The other feasting venue was in the Harris' dining room at their majestic colonial house.  My Aunt and Uncle had impeccable taste in decor.  They loved Old English styles of all kinds and their home, for little me, was like walking into a castle just in time to sit down with the Queen for high tea. It seemed as though the dining room table was borrowed from King Arthur & his infamous Knights,  a round top that felt has though it filled the entire room and we all could fit around it, no kids table needed, as I recall.  We ate like Lords & Ladies with white table cloth, fine china, fancy silverware and cloth napkins.  Though I loved these get togethers, I do hate lima beans to this day because my Aunt Ruth would shame me into eating them at every meal.  There was a Queen who ruled this household and she (or was it he?) came in the form of Topo Gigio, the family poodle (not sure the breed but it was a little dog with a curly white coat).  Named for the famous puppet made popular on the Ed Sullivan Show, Topo Gigio ruled the roost for sure in that house.  Full of personality and playfulness, she gave us hours of entertainment as kids!

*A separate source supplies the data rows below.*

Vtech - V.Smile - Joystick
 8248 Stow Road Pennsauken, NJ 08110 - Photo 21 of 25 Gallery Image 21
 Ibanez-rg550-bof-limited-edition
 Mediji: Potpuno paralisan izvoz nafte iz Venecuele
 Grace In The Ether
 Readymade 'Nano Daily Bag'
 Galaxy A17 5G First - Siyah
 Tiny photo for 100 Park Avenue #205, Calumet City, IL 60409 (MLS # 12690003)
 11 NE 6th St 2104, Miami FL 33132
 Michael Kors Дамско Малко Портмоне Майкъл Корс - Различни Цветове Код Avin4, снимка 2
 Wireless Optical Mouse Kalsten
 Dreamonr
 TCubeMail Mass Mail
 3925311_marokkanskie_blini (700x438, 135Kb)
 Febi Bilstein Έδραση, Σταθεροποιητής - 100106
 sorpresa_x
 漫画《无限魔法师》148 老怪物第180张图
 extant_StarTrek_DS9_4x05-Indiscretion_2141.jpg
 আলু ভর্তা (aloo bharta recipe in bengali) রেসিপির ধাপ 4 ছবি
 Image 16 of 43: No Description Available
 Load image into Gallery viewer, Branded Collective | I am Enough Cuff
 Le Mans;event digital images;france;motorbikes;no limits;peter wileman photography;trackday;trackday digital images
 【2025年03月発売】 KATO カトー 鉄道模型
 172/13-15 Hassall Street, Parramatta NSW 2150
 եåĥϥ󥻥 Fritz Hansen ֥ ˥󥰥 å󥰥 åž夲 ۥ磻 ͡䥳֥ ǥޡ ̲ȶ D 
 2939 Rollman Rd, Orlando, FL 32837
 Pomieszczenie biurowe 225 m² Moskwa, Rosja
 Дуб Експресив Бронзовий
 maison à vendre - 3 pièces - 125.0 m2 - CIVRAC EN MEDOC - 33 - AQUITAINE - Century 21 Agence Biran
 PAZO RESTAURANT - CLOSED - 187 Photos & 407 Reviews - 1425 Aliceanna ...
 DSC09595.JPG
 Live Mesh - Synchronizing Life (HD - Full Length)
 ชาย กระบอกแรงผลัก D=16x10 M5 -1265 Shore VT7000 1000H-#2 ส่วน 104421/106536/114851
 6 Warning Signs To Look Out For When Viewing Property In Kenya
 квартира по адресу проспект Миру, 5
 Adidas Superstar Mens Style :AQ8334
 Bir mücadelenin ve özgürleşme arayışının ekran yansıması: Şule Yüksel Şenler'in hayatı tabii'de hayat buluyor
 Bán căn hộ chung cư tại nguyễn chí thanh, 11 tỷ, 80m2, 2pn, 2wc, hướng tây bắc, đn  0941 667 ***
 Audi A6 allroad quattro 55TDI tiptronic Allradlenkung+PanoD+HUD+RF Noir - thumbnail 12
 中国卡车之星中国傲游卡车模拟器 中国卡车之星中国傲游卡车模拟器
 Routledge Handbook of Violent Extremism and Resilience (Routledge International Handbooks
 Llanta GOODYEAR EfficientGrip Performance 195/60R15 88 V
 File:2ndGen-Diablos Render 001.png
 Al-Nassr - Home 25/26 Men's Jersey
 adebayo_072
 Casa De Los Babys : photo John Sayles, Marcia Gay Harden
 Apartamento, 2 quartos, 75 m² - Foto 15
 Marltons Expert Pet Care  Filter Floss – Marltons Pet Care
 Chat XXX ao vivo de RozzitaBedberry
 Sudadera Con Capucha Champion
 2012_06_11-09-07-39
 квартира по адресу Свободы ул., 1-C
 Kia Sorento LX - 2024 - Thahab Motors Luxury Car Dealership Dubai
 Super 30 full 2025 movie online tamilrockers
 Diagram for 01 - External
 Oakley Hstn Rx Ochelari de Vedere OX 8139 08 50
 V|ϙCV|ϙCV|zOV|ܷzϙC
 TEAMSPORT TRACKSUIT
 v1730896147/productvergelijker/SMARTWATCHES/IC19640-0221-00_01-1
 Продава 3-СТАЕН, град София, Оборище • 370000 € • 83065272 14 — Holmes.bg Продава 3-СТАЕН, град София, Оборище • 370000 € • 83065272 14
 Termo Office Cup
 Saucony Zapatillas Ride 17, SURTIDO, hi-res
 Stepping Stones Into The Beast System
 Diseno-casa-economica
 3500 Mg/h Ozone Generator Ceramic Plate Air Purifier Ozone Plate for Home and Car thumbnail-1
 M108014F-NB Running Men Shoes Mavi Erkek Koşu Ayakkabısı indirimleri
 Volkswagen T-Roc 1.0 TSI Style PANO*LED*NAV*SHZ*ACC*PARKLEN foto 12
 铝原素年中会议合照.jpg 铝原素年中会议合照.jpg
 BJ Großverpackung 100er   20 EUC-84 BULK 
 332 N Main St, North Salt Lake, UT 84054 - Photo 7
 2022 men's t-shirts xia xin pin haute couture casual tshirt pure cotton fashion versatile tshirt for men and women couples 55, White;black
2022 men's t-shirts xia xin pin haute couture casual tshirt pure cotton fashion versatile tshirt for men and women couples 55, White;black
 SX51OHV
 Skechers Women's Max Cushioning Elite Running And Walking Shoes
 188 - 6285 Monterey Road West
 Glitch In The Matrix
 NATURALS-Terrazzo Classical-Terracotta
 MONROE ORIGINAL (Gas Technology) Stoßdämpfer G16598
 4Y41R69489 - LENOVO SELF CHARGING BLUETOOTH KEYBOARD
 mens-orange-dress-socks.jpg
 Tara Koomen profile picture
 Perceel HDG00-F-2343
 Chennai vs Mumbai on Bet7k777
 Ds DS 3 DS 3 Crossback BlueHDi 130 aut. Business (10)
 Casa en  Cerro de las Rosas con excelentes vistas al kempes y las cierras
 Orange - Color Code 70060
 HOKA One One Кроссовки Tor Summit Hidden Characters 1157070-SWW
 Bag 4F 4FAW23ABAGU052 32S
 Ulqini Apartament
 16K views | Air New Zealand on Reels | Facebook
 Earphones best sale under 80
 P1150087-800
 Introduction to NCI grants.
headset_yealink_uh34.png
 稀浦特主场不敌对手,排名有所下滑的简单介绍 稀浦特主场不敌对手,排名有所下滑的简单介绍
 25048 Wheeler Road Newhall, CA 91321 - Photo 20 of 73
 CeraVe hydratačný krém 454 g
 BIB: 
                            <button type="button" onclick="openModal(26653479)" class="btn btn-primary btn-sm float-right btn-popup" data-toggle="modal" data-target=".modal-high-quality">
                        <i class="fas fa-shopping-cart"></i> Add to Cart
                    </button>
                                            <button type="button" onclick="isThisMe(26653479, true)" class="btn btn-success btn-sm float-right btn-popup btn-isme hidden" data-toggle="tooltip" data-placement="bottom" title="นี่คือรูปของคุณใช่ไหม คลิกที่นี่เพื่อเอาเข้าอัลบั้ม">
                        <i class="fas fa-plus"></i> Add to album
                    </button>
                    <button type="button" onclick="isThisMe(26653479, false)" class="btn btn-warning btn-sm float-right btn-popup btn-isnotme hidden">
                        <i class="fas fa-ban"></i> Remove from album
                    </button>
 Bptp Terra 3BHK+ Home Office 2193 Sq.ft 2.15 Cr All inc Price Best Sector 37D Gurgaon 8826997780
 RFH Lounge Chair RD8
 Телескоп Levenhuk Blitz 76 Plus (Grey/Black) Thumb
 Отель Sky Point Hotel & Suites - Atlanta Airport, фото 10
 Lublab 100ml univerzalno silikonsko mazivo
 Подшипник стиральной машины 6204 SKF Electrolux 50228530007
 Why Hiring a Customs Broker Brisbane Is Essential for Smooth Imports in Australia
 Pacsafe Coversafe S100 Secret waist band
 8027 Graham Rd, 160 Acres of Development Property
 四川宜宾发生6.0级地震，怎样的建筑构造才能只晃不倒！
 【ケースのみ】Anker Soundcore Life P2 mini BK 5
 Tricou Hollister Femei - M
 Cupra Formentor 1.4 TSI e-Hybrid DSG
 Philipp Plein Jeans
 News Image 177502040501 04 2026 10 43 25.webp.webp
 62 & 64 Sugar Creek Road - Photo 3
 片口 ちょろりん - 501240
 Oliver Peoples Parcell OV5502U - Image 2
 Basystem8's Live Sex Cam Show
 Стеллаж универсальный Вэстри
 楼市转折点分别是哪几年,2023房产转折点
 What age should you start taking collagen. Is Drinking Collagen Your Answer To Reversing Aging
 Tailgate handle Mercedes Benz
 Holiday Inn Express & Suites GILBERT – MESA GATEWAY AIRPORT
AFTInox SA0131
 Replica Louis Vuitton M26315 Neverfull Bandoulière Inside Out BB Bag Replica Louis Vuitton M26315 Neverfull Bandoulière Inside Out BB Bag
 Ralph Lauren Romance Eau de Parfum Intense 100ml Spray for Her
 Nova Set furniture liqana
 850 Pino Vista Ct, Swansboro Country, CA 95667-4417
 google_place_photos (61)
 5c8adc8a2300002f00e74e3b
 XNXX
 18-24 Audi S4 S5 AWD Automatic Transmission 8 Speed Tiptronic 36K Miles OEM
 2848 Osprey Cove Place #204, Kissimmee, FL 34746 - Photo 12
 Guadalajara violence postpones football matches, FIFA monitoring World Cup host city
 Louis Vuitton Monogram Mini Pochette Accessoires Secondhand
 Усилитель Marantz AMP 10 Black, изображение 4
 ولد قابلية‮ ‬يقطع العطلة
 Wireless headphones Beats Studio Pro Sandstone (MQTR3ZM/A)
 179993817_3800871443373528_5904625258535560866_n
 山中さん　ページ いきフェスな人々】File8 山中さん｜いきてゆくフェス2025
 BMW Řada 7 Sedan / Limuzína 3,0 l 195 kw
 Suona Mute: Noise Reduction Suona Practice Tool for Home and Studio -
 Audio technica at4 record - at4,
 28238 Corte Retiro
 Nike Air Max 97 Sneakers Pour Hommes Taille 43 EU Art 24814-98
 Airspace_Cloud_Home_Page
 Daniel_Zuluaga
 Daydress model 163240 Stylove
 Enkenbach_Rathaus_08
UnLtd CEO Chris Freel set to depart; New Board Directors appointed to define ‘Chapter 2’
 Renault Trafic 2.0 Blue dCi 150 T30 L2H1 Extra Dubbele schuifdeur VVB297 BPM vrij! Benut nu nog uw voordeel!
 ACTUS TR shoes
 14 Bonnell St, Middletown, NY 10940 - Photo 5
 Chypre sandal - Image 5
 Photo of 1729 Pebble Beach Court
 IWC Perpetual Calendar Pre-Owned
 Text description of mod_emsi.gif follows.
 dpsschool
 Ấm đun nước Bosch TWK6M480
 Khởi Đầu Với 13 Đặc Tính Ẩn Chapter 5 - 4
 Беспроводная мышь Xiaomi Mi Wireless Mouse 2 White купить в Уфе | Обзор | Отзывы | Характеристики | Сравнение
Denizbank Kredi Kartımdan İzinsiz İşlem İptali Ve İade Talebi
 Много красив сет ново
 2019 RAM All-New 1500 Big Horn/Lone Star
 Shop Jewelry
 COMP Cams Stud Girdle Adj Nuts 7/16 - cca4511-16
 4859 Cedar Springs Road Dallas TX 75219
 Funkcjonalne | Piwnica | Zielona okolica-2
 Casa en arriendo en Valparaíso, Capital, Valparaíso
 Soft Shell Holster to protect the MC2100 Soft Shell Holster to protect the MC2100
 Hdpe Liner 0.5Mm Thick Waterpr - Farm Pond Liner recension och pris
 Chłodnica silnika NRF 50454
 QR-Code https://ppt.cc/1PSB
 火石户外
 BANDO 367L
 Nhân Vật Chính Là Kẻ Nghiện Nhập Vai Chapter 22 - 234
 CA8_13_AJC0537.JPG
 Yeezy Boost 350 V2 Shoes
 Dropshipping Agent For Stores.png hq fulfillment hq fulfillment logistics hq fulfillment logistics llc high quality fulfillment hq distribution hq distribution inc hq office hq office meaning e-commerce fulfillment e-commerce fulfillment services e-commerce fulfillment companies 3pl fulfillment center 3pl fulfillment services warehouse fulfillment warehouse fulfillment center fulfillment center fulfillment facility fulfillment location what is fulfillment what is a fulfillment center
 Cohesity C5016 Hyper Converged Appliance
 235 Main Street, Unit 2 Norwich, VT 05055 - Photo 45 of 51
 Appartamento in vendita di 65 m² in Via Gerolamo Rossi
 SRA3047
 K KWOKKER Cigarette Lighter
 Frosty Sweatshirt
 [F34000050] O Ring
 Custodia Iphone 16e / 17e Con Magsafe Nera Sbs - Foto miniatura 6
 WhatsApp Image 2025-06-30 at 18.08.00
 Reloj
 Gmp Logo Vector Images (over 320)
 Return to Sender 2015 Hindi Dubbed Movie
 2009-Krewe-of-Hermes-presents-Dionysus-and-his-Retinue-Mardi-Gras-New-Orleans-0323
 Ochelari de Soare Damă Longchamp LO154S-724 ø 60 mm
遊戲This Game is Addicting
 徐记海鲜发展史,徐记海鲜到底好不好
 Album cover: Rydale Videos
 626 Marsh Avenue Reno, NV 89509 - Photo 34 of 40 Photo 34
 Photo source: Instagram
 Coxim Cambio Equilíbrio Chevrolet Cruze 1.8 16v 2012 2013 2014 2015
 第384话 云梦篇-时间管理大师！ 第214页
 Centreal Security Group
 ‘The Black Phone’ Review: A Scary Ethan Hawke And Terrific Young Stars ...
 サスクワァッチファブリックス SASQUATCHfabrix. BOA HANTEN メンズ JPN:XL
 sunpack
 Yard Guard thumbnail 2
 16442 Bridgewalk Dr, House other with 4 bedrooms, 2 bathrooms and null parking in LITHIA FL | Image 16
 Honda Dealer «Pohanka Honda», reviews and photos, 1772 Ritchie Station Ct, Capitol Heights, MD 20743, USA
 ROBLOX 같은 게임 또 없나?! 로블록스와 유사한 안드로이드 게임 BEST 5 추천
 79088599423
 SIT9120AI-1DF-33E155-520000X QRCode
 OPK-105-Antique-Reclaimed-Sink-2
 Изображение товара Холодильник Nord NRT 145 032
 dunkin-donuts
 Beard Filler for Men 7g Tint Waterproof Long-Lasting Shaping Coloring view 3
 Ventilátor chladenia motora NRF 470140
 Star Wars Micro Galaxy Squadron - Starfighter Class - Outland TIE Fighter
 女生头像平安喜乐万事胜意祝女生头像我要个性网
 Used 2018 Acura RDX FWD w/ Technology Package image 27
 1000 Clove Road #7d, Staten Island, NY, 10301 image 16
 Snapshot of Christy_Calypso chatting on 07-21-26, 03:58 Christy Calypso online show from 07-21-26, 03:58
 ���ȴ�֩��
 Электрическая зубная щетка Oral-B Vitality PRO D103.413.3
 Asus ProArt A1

Calvary was my first real Sunday School experience.  I learned a lot of stuff about my favorite Bible characters, none of which I can remember now, but one of my first most embarassing moments came in Sunday School there.  I was asked to sing a solo (all AG Pastors wives & daughters are expected to sing and play the piano), so I chose one of my early favorites, The Old Rugged Cross.  I chose it because I was so proud that I knew all the words by heart, but as any good Christian girl should know--pride goeth before a fall.  Half way into the song my mind went blank and I start to pee alittle and ran to the bathroom with little drips trailing behind me.  I didn't sing in public for the next 15 years. 

There are so many memory snippets of my time spent on Joy Blvd. in Calvary Temple. There were church family meals in the basement, homemade food piled high on flimsy white paper plates, food falling inevitably on to the forest green painted floor, everyone sitting on metal folding chairs gossiping about this one or that one, kids playing tag and hide and go seek, you know usual church stuff.  But, what warms my heart the most is the love, Such Love, that came in the form of an extended family worshipping, eating and laughing together.  How wonderful is love like this!